The crew of the barque Nicarague could scarcely credit their eyes when they
closed on the iceberg in the Gulf of St. Lawrence.
Some 120 Irish immigrants clung to a bit of frozen salvation, desperately
cold in their nightclothes after almost 18 hours on the ice that April night
in 1849.
The boat bringing them to the promise of a new life had sailed from Newry,
County Down on April 2 and until April 17, according to newspaper accounts
of the day, the passage had been fine. The 200 passengers were mostly from
the Forkhill area of Co. Armagh.
But the brig Hannah failed to skirt the pack ice on the harsh gulf. Its hull
was crushed by an iceberg
Passengers, jolted from their sleep, were bruised and cut in the scramble
off the ship. Others perished in the chilling waters, unable to gain the
ice, or were lost in rescue attempts.
Almost 160 years later, the Montreal documentary maker Gala Films is hoping
to include this remarkable incident in its survey of the Irish famine
migration to Canada. It is seeking descendants of those who survived the
sinking of the Hannah.
One of those descendants, Paddy Murphy, says the incident is laced with both
cowardice and courage. He notes accounts of the day which reported that the
Hannah crew and captain had departed in a lifeboat, leaving the boat’s
passengers exposed to the elements. All would have died had Captain Marshall
of the Nicarague not made his ship fast to the iceberg at great risk to
himself and his crew.
“‘No pen can describe the pitiable situation of the poor creatures,”

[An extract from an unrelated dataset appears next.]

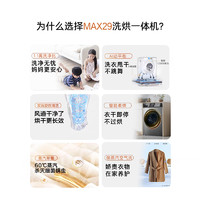 海尔 Haier 滚筒洗衣机家用全自动超薄10kg大容量洗烘一体MAX29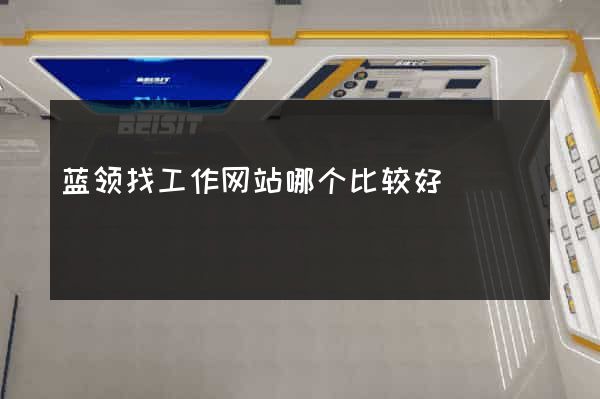 蓝领找工作网站哪个比较好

Marshall reported to the Armagh Guardian on June 4, 1849. “They were all but
naked, cut and bruised and frost-bitten. There were parents who had lost
their children, children with loss of parents. Many, in fact, were perfectly
insensible.”
Three
other ships also pitched in to bring survivors through the ice floes to
Grosse Ile, the immigrant quarantine station in the St. Lawrence River.
Paddy Murphy’s great-great-grandparents John Murphy and his wife Bridget (McParland)

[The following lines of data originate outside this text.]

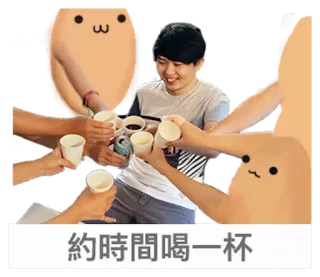 🍹 df37d58b 約時間喝一杯 cạn ly, đồ uống, ăn mừng, bạn bè, chúc mừng telegram sticker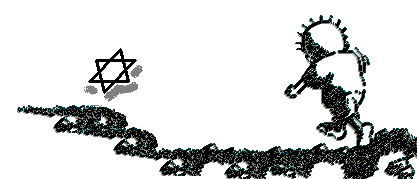 CLICK HERE to visit an Arab Palestinian site named Azar. The PA strategic goal is to ABOLISH the State of Israel.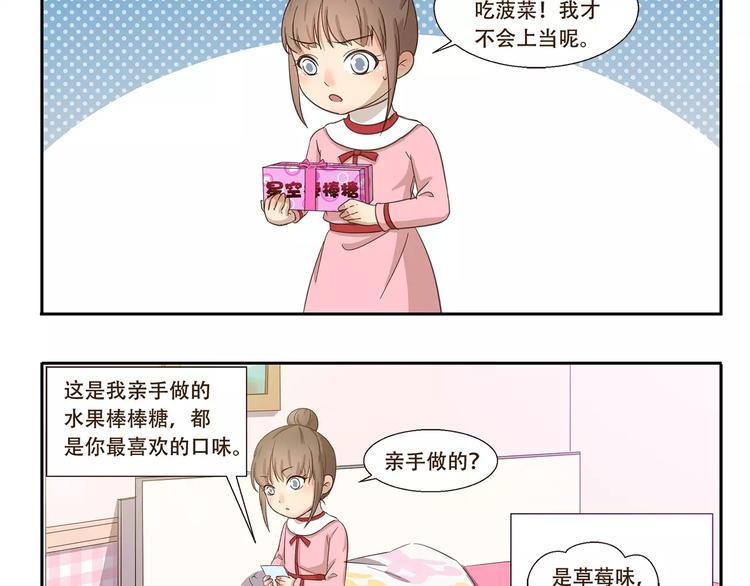 第87话 笨蛋哥哥-第87话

had already endured tragedy before setting out for Quebec in April, 1849. In
January of that year, their house had burned down and one of their children
had died in the blaze.
On the Hannah they had four of their children, and the two eldest were lost.
“The children went into the water and John went in after them. The story in
our family is that his hands were so badly frozen he couldn’t handle the
rope he’d taken to try to pull them to safety. He held the rope in his mouth
in the hope he’d find them and they could grab on. But he couldn’t save
them. He lost all his teeth as a result,” Paddy recounts.
“Rose, who was approximately three years old, fell in the water and was
rescued but did not speak for years because of the shock. Bernard, ‘Barney,’
aged two, also fell in the water but was pulled to safety by the wife of
Henry Grant who thought he was one of her own children.”
It was Barney’s son, Mike, who recounted the incident to Paddy on the
occasion of Paddy’s marriage to his wife Jane, in the summer of 1962.
“Grandfather
Mike was delighted at the marriage because Jane’s maternal
great-great-grandfather Michael Coburn came from the same area in Forkhill,
County Armagh as the Murphys. He said we were two old Irish families
uniting. Michael Coburn had left Ireland in 1848, a year before the Hannah
disaster, and Grandfather Mike, whose mother, Ellen Bennett, was also from
Forkhill, told us about John Murphy coming over on a ship that hit an
iceberg, the many lives lost, and his father who was saved from the water.”
Paddy, who grew up in the township of North Crosby, south of Ottawa, where
many of the Hannah survivors settled to farm, went on to conduct his own
research into the shipwreck, and his findings later became the basis of a
book called A Famine Link: The Hannah, South Armagh to Ontario. The authors,
Kevin Murphy and Una Walsh, are members of the Mullaghbawn Community Centre
in Forkhill, South Armagh.
Clearly the story of the Hannah is a stirring tale that speaks to the times
and to the Irish in Quebec. It is estimated up to 40 percent of the
province’s citizens have Irish blood.
Gala Films is seeking descendants of the survivors who settled in Quebec,
Ontario and the United States, but particularly those who now live in
Quebec. (See sidebar for family names).
The story has a greater chance of coming to video life with a direct Quebec
link, says Gala Films’ Hugh John Murray.
“In order to get public funding from the Quebec government to make the
documentary, we need to find Quebec-based descendants,” he explained.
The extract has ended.